Le Figaro bugün iki başlıkla tamamen Fransa’ya eğilmiş. “Tüketim – Büyük Noel Koşuşturması” ve “2009’da Sinema: Sinema Salonlarına 25 Yıldan Beri Görülmemiş Akın.” Bu yıl, yıl sonu alış verişlerinin çok düşük olmasından korkan esnaf ve ticaret sahipleri son dakikalardaki hareketlenmeden çok memnunlarmış. Zira bugünlerde Fransızlarda büyük bir “son an” seferberliği başlamış. Veriler en azından geçen yılki rakamların tutturulacağını gösteriyormuş.
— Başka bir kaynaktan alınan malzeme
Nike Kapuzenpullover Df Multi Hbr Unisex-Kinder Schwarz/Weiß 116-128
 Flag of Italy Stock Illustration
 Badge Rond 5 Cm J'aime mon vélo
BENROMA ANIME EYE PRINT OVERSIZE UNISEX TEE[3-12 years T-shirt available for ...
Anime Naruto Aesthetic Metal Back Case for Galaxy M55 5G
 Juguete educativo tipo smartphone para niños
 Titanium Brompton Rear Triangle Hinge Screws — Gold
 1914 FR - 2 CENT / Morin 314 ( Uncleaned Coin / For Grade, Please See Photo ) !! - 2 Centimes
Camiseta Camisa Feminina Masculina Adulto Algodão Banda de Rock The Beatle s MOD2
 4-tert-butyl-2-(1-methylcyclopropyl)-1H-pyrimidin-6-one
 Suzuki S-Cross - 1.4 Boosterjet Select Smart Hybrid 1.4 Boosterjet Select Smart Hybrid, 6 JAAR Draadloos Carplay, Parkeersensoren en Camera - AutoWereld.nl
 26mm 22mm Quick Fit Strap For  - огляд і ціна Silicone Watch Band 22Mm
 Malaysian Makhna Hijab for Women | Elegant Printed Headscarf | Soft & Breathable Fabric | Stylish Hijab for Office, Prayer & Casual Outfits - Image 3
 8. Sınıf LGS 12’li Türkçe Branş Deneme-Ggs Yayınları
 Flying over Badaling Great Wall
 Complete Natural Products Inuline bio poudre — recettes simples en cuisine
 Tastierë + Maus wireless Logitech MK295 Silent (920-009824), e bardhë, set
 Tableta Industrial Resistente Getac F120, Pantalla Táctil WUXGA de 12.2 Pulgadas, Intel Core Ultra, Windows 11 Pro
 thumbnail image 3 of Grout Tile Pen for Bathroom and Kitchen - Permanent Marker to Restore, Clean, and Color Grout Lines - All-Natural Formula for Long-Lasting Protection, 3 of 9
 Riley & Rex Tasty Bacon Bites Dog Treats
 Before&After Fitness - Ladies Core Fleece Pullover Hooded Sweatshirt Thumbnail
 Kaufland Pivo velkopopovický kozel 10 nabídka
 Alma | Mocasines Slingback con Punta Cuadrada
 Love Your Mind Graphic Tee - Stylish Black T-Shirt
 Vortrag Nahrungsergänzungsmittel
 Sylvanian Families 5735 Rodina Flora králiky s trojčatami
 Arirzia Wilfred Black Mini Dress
"Le petit Nicolas / Küçük Nicolas" filminin afişi.(AlloCiné)

"Le petit Nicolas / Küçük Nicolas" filminin afişi.
(AlloCiné)

Bir başka olumlu belirti sinema salonlarından gelmiş. Dünyanın en çok "sinemada film tüketen" halkları arasında genellikle 1. veya 2. sırayı alan Fransızlar bu sene 27 yıllık rekorlarını kırmaya hazırlanıyorlarmış. Sinema seyircisi 200 milyona vurmak üzereymiş. Aynı rakama son olarak 1982 yılında ulaşılmışmış. Bu sene en yüksek gişe hasılatını yapan film bir Amerikan yapımı animasyon filmi 7.810.009 girişle “L’Age de Glace / Buzul Çağı” olmuş. En çok seyirci çeken Fransız filmi de nispeten yeni başlamış olmasına rağmen 5.352.426 izleyiciyle “Le petit Nicolas / Küçük Nicolas”mış. İlk on sıradaki filmden ancak 3'ü Fransız yapımıyken, 7 ticari açıdan en başarılı film Amerikan yapımları olmuş. Bunların 3 tanesi de çizgi ve animasyon filmleriymiş.

"Konstantinopol'den Paris'e Camondo'ların Görkemi"

Fransa'da sürmekte olan "Türkiye Mevsimi" çerçevesinde geçtiğimiz 6 Kasım'da Yahudilik Tarihi ve Sanatı Müzesi'nde (MAHJ) açılan "Konstantinopol'den Paris'e Camondo'ların Görkemi (1806-1945)" başlıklı sergi 7 Mart 2010'a kadar gezilebilir. Bugünkü Le Monde'da yer alan, Jacques-Marie Vaslin imzalı "Bab-ı Ali'nin Bankacıları, Camondo'lar" makalesinde bu büyük Yahudi banker ailesinin özellikle 19. yüzyılda oynadığı role değinilmiş. 1869'da Paris'e yerleşen ailenin Türkiye ile sürdürdükleri bağ anlatılıp, serginin önemi ve zenginliğinin altı çizilmiş. Sergiye ilişkin daha ayrıntılı bilgi http://www.mahj.org/ veya http://www.saisondelaturquie.fr/ adreslerinde bulunabilir.  

"La Splendeur des Camondo / Camondo'ların Görkemi" sergisi afişi.(www.mahj.org)

"La Splendeur des Camondo / Camondo'ların Görkemi" sergisi afişi.